Most of the time, BitLocker is used in "software encryption" mode. In this mode, such tricks won't be of much use at all because there is no such thing as "unlocking the drive" – the drive itself is not "locked", it merely stores data that was encrypted, and the bootloader and the OS themselves do all encryption/decryption manually (and independently from each other). In other words, neither the drive nor the system firmware are even aware of any encryption happening.

So even if the Windows Boot Manager unlocks the BitLocker encryption layer for its own purposes, this will remain entirely within the boot manager's memory and will not automatically be passed on to GRUB nor to Linux. Similarly, when GRUB unlocks a LUKS partition, this remains invisible to Linux or whatever else is booted from it.

The other mode – OPAL "hardware encryption" – is the complete opposite: it does lock the whole thing, and the drive does in fact remain unlocked after a bootloader unlocks it. Maybe that's what you're looking for? However, it is only supported by a few SSD models (not by HDDs), it hasn't gained much trust security-wise, and it does not seem dual-boot friendly at all.

I found a tutorial allowing me to boot to Linux from Windows bootloader, so that the Secure Boot chain doesn't break.

Actually, that's precisely how you would break the Secure Boot chain. You have a signed bootloader (the Windows Boot Manager) and you're telling it to run completely arbitrary boot code with no signature on it – exactly the sort of thing that BitLocker's Secure Boot integration is supposed to prevent.

Besides that, Secure Boot means UEFI. But the linked tutorial talks about MBR bootcode, which does not apply here – the EFI boot process is completely different. (Even though most EFIs have a compatibility BIOS emulation mode, it's mutually exclusive with Secure Boot.)


Also, in UEFI, the Windows Boot Manager refuses to start third-party EFI applications even if you did add one. Even if you do have Secure Boot-compatible Linux EFI files and adapt the 'bcdedit' commands to EFI (e.g. grubx64.efi instead of mbr.bin), they'll still boot you into an error screen instead.
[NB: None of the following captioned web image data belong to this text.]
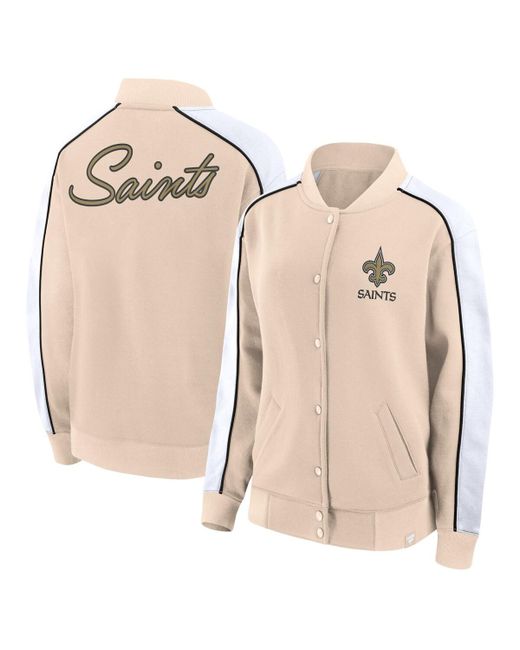 Fanatics New Orleans Saints Lounge Full-Snap Varsity Jacket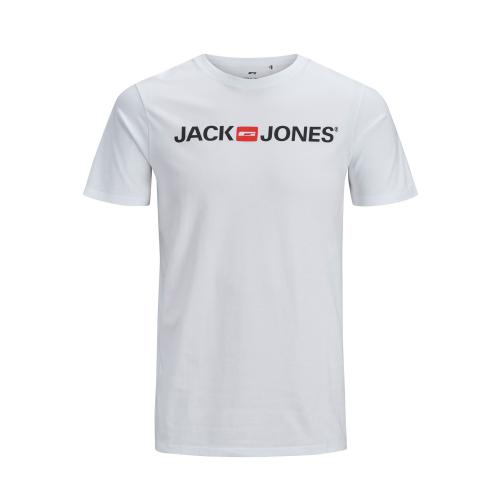 Jack & Jones - T-shirt Standard Fit Col rond Manches courtes Blanc en coton Tate - T shirt polo homme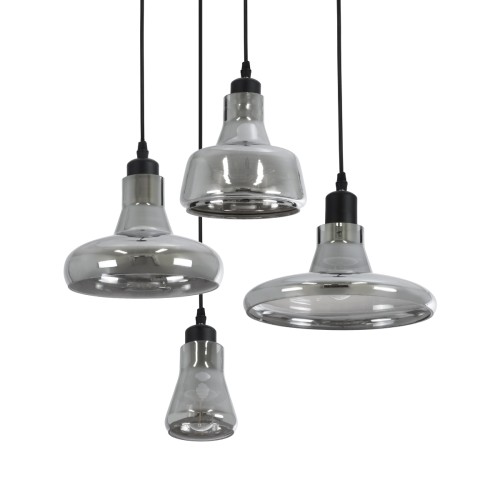GLOBOSTAR® FEMINE 01011 Μοντέρνο Κρεμαστό Φωτιστικό Οροφής με Ντουί 4 x E27 AC 220-240V IP20 - Γκρι & Μαύρο - Μ70 x Π70 x Y24.5cm - Σετ 4 Τεμαχίων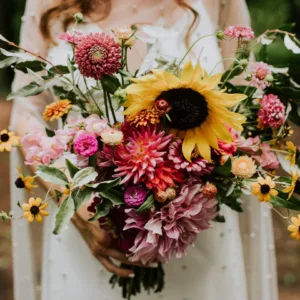 Sunflower Wedding Arrangement Bold Pink and Yellow Bridal Bouquet 480x480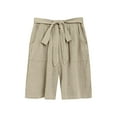 thumbnail image 5 of Olyvenn Bermuda Shorts for Women Bowknot Tie Drawstring High Waisted Elastic Comfy Wide Leg with Pocket Lounge Summer Beige XL, 5 of 8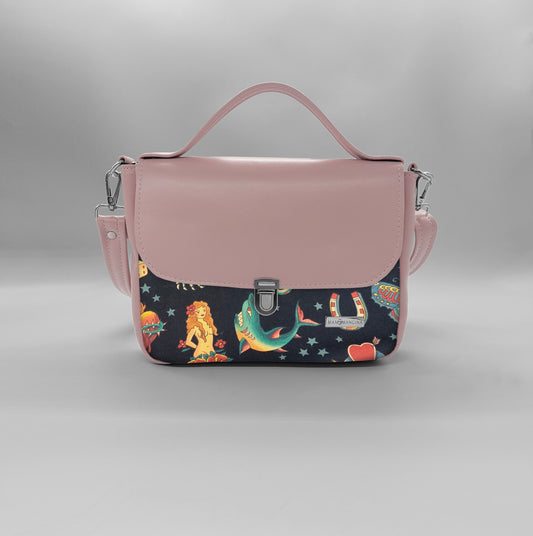 "DOTTY" VEGAN mini SIMILPELLE rosa antico / tattoo one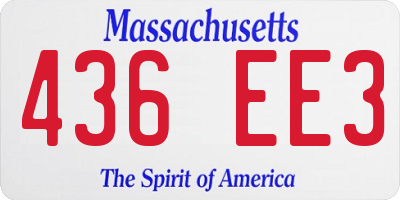 MA license plate 436EE3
You can still dual-boot – but you will need to use the firmware's own boot menu (usually the one that shows up when you press Esc or F8) whenever you decide to boot Linux.


A side note: BitLocker's TPM support does not actually require Secure Boot; it only requires the TPM Event Log to work. It is true that BitLocker prefers having Secure Boot available (so it can seal the disk keys against the signature chain found in the Event Log), but if that's unavailable, it'll use a different part of the Event Log which records the exact hashes of bootloaders that were used and such.

If you run manage-bde c: -protectors -get the non-SB sealing mode will be indicated by "PCRs: 0, 1, 4, 7" or something like that.

The downside of this mode is that it's more sensitive to e.g. EFI boot menu changes or partition table changes, and especially Windows kernel/bootloader updates (as all of those are hashed and accounted in PCRs 0/1/4/7), so you should always have the numeric recovery password handy. (For comparison, the SB-aware mode only seals the key against the boot order and the Secure Boot signing certificates, so it's less fragile but perhaps also less secure against downgrade attacks.)

BitLocker will also do this if Secure Boot is available but the chain is not entirely trusted. For example, even if you have a signed and Secure Boot aware GRUB, you still cannot chain GRUB→Windows – it'll boot the OS, yes, but BitLocker will still insist on using basic PCR-based sealing and will refuse to use Secure Boot-based sealing.


So in the end, if you want to dual-boot on encrypted disks, you will need to let Windows and Linux do their own things: you can keep using BitLocker for the Windows partitions, but Linux will need to handle its own decryption for its own root partition (LUKS is the preferred choice).

However, there are relatively easy ways to achieve automatic TPM-based unlocking for Linux, and they can even be used on dual-boot systems without disrupting Windows.

(Shared data partitions can continue to use BitLocker – their keys are always file-based or password-based, never TPM-sealed, so Linux can unlock them using regular tools such as Dislocker or cryptsetup.)